-------- Dataset extract --------

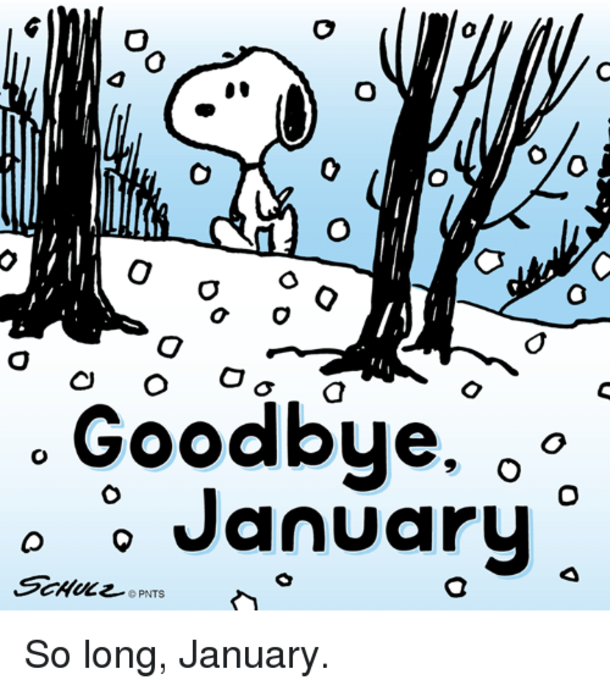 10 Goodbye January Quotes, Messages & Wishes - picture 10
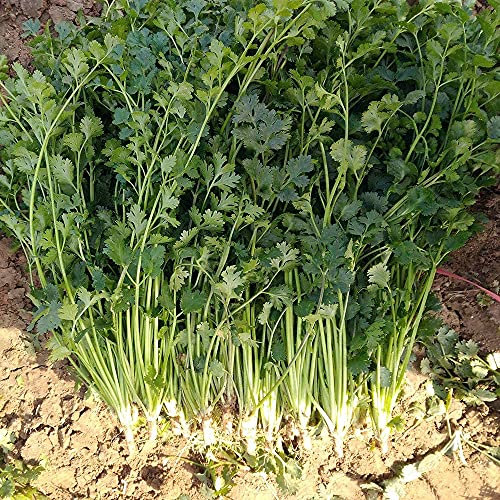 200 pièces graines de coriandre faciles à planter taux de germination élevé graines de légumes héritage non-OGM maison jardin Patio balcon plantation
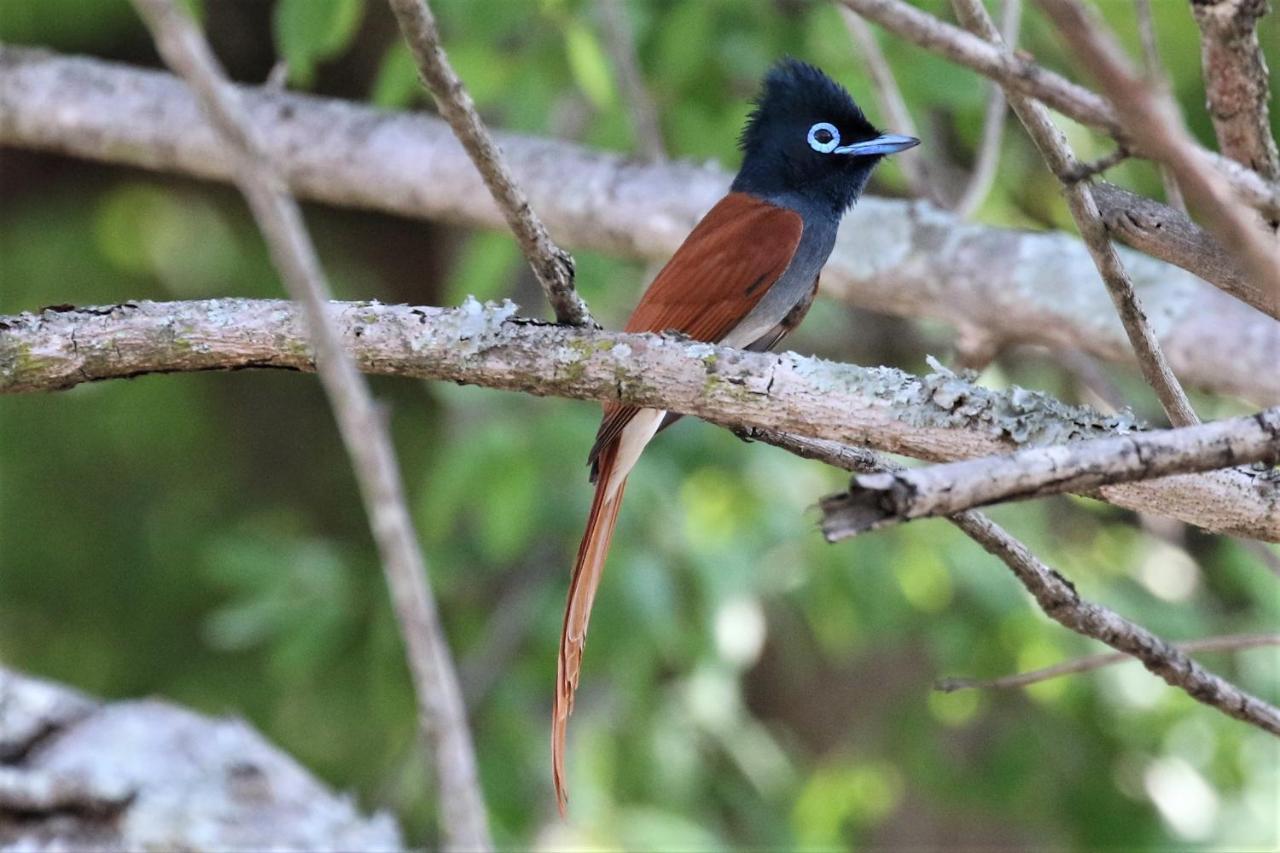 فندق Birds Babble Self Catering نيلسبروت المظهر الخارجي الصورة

--------

The expected output is an exact copy of the lines from the one holding "200 pièces graines" through the last line of the listing above, with the pictures omitted.

 200 pièces graines de coriandre faciles à planter taux de germination élevé graines de légumes héritage non-OGM maison jardin Patio balcon plantation
 فندق Birds Babble Self Catering نيلسبروت المظهر الخارجي الصورة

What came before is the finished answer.